Revelation Biosciences Inc.

10/21/2024 | Press release | Distributed by Public on 10/21/2024 14:20

Failure to Satisfy Listing Rule Form 8 K

Item 3.01 Notice of Delisting or Failure to Satisfy a Continued Listing Rule or Standard; Transfer of Listing.

On October 16, 2024, Revelation Biosciences, Inc. (the "Company") received a letter (the "Minimum Bid Price Deficiency Letter") from the Listing Qualifications Department (the "Staff") of The Nasdaq Stock Market LLC ("Nasdaq"), notifying the Company that it was not in compliance with Nasdaq Listing Rule 5550(a)(2) which requires listed companies to maintain a minimum bid price of $1.00 per share (the "Minimum Bid Price Requirement").

Normally, a company would be afforded a 180-calendar day period to demonstrate compliance with the Minimum Bid Price Requirement. However, pursuant to Listing Rule 5810(c)(3)(A)(iv) the Company is not eligible for any compliance period specified in Rule 5810(c)(3)(A) because the Company effected one or more reverse stock splits over the prior two-year period with a cumulative ratio of 250 shares or more to one.
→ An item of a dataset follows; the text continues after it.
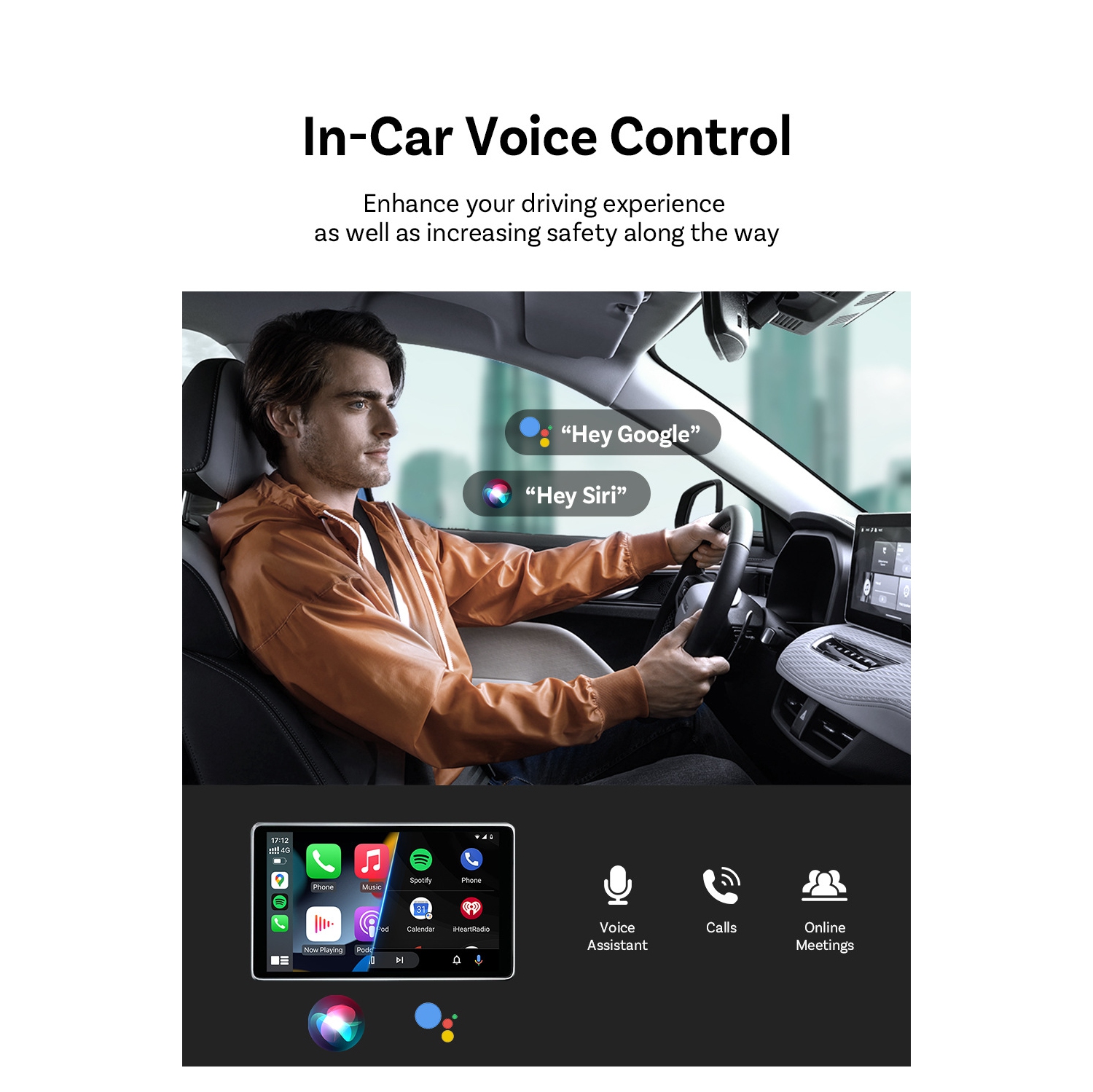 Original car carplay wired to wireless Android auto dual channel USB flash drive, wireless adapter Carplay, for car plug and play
Separate from and in addition to the Minimum Bid Price Deficiency Letter, as previously disclosed, on August 14, 2024, the Company received a letter (the "Stockholders' Equity Requirement Deficiency Letter" and together with the Minimum Bid Price Deficiency Letter, the "Deficiency Letters") from the Staff of Nasdaq notifying the Company that it was not in compliance with Nasdaq Listing Rule 5550(b)(1), which requires the Company to maintain a minimum of $2,500,000 in stockholders' equity for continued listing on The Nasdaq Capital Market (the "Stockholders' Equity Requirement"), nor is it in compliance with either of the alternative listing standards, market value of listed securities of at least $35 million or net income of $500,000 from continuing operations in the most recently completed fiscal year, or in two of the three most recently completed fiscal years. The Minimum Bid Price Deficiency Letter stated that the Company's Stockholders' Equity Requirement Deficiency serves as an additional basis per Nasdaq Listing Rule 5810(d)(2) for delisting the Company's securities from The Nasdaq Stock Market and that at a hearing in connection with the Minimum Bid Price Requirement, the Nasdaq Hearings Panel ("Panel") will consider the Company's Stockholders' Equity Requirement Deficiency as well. By virtue of the Company's financing activities during the third quarter, the Company believes it satisfied the Stockholders' Equity Requirement as of September 30, 2024.

The Company intends to take all reasonable measures available to regain compliance under the Nasdaq Listing Rules and remain listed on Nasdaq. The Company has the right to appeal the Deficiency Letters by requesting a hearing before an independent panel, which it intends to do prior to the deadline for filing such appeal. The hearing request would stay any suspension or delisting action pending the conclusion of the hearing process and the expiration of any additional extension period granted by the panel following the hearing. However, there can be no assurance that the Company will ultimately regain compliance with all applicable requirements for continued listing. Neither the Deficiency Letters nor the Company's noncompliance have an immediate effect on the listing or trading of the Company's common stock or warrants, which will continue to trade on The Nasdaq Capital Market under the symbols "REVB" and "REVBW," respectively.